Recently, a guest commentary by former Congressman Richard Lehman in the Sept. 27 Sierra Star said that it is not right for citizens to condemn the decision arrived at by government officials to allow the North Fork Rancheria of Mono Indians to create new Indian lands and place a casino in the midst of their community near Madera. Yet, Mr. Lehman knows the process is not yet final. The Secretary of the Interior must still issue a Notice of Decision, which provides an opportunity to all affected parties for judicial review of the acquisition of new Indian lands.
A judicial review is the only method that private property owners and citizen's organizations have to actually participate and raise concerns over the introduction of a tribal casino on Highway 99. This is because federal decision makers have purposefully and intentionally excluded them from any role in the Department of the Interior's decision making process.
If the surrounding community of citizens is expected to be welcoming neighbors to a tribal casino, citizens must be assured, through a judicial review, that the integrity of the decision is free from bureaucratic bias, flawed analysis and casino interests' checkbook influence. After all, it is casino investors from Las Vegas fronting the tribe to promote a casino on land that is not a reservation where no one else can.
Certainly the citizens of the community deserve to have their voices heard and their legitimate concerns fairly and objectively evaluated.

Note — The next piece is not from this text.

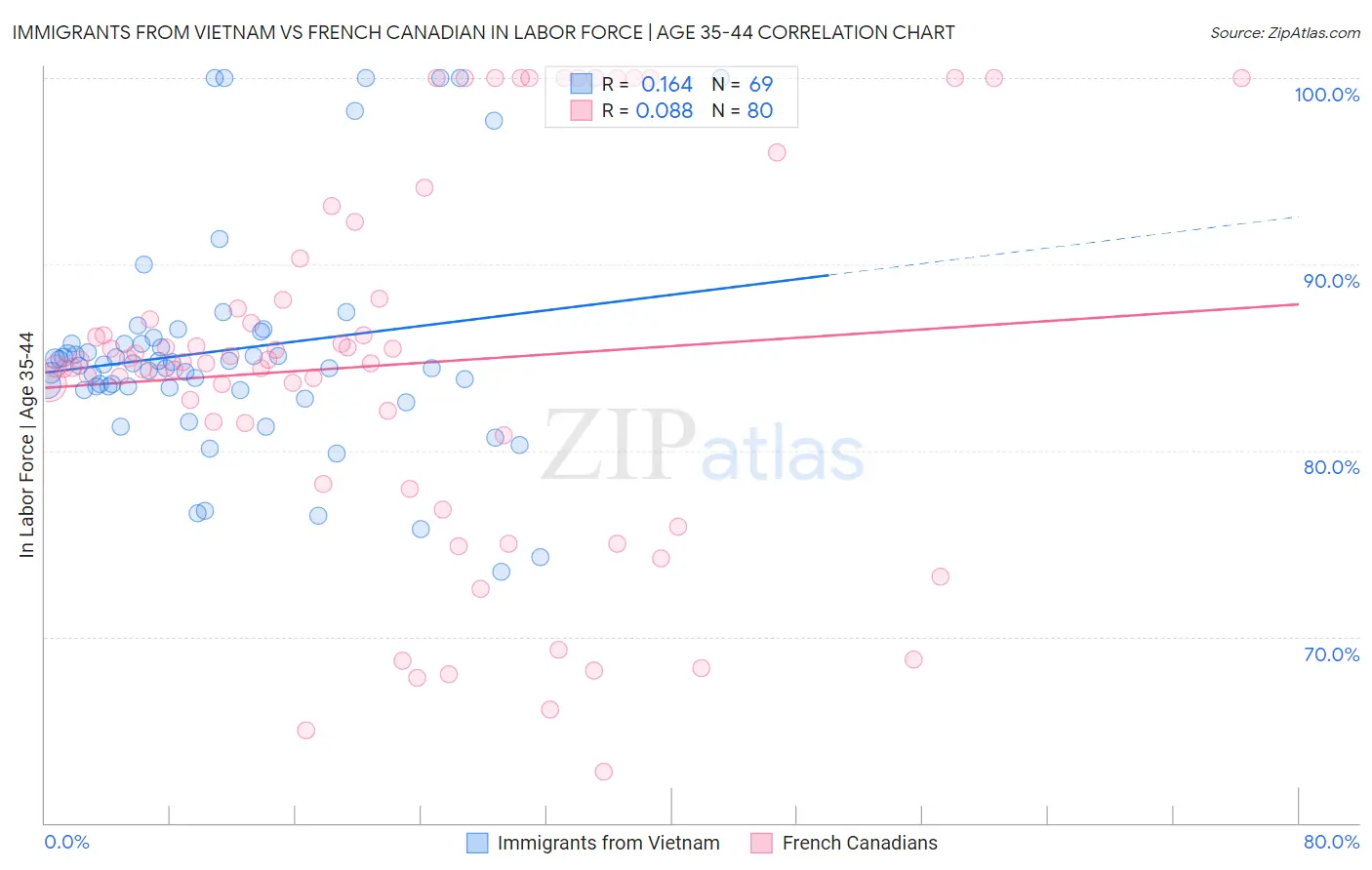 Immigrants from Vietnam vs French Canadian In Labor Force | Age 35-44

A Las Vegas company owns the land at the casino sight. All state laws and county codes still apply to this land. Making this Indian land will take it out of the regulatory authority of the state and the county, thereby removing state environmental laws, the civil regulatory laws enacted to protect the rights of all citizens and then provide a tax exempt status to the land and tribal businesses.
However, a decision delivered June 2012, by U.S. Supreme Court in Salazar vs. Patchak opened the doors of justice to land owners and citizen groups on Indian lands decisions and casino determinations. Citizens are now able to challenge all aspects of the Secretary of the Interior's decisions, whether it's a challenge to the National Environmental Protection Policy, a trust decision or any casino determination under the Indian Gaming Regulatory Act.
For example, a National Environmental Policy Act review of the North Fork proposal failed to include consultation and comment from the Madera Municipal Airport Commission. The proposed North Fork casino is sited at the departure end of the airport runway in an area that allows for only 150 persons per acre, one building per every 4-6 acres and all assemblies restricted to 150 persons per acre.
This recommended state restriction on land use is a measure to protect the safety of the public. Yet, there is no mention in the North Fork environmental review of local land use around the airport even though the Federal Aviation Agency states it is the land owners responsibility to conform to local land use.
Clearly, the current administration views the court ruling in Patchak as making their own jobs troublesome and burdensome. Most governments, state agencies, private property owners and citizen's organizations are thankful that the court is requiring the Bureau of Indian Affairs (BIA) to abide by the law and basically do the job it was supposed to in the first place.
The court upheld the federal law that has existed to protect the rights and private property rights of all citizens from the abuse of federal overreaching actions. The BIA chose to ignore the law and now complains their job is too hard.
The Congressman knows, citizens not only deserve but have a legal right to condemn and challenge overreaching federal decisions -- especially decisions to place a casino in their midst.
-- Cheryl Schmit is founder and director of Stand Up for California, an organization with a focus on gambling issues.